* _What you need to do_: Transcribe verbatim every line from the line containing "Mix no 6 - Pumps size 8.5" to the end of the entries, including both endpoints. Output nothing beyond those lines.

(Data records)

.....

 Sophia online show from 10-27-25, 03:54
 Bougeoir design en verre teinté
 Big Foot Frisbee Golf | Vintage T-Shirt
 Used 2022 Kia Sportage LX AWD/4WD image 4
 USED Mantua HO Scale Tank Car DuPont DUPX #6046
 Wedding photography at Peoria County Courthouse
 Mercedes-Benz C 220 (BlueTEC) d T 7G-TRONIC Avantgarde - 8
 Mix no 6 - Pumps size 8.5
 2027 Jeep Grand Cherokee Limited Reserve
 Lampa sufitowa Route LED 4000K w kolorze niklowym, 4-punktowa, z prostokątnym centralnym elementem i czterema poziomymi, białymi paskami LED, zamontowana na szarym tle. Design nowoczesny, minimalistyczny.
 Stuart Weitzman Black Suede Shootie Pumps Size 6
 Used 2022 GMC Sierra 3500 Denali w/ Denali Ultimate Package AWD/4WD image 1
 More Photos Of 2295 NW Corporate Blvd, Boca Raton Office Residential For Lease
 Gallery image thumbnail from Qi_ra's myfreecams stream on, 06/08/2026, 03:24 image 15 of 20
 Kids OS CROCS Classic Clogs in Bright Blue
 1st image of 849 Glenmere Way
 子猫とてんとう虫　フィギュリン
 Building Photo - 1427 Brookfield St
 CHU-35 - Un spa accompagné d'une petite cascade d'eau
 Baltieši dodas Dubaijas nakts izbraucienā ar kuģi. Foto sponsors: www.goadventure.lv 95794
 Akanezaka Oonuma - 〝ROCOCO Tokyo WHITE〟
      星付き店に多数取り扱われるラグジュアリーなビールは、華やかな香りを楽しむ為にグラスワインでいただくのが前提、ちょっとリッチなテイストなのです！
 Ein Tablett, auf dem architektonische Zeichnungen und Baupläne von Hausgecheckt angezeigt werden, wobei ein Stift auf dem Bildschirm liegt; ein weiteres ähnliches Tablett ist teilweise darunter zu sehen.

.....

* _Exercise solution_:
 Mix no 6 - Pumps size 8.5
 2027 Jeep Grand Cherokee Limited Reserve
 Lampa sufitowa Route LED 4000K w kolorze niklowym, 4-punktowa, z prostokątnym centralnym elementem i czterema poziomymi, białymi paskami LED, zamontowana na szarym tle. Design nowoczesny, minimalistyczny.
 Stuart Weitzman Black Suede Shootie Pumps Size 6
 Used 2022 GMC Sierra 3500 Denali w/ Denali Ultimate Package AWD/4WD image 1
 More Photos Of 2295 NW Corporate Blvd, Boca Raton Office Residential For Lease
 Gallery image thumbnail from Qi_ra's myfreecams stream on, 06/08/2026, 03:24 image 15 of 20
 Kids OS CROCS Classic Clogs in Bright Blue
 1st image of 849 Glenmere Way
 子猫とてんとう虫　フィギュリン
 Building Photo - 1427 Brookfield St
 CHU-35 - Un spa accompagné d'une petite cascade d'eau
 Baltieši dodas Dubaijas nakts izbraucienā ar kuģi. Foto sponsors: www.goadventure.lv 95794
 Akanezaka Oonuma - 〝ROCOCO Tokyo WHITE〟
      星付き店に多数取り扱われるラグジュアリーなビールは、華やかな香りを楽しむ為にグラスワインでいただくのが前提、ちょっとリッチなテイストなのです！
 Ein Tablett, auf dem architektonische Zeichnungen und Baupläne von Hausgecheckt angezeigt werden, wobei ein Stift auf dem Bildschirm liegt; ein weiteres ähnliches Tablett ist teilweise darunter zu sehen.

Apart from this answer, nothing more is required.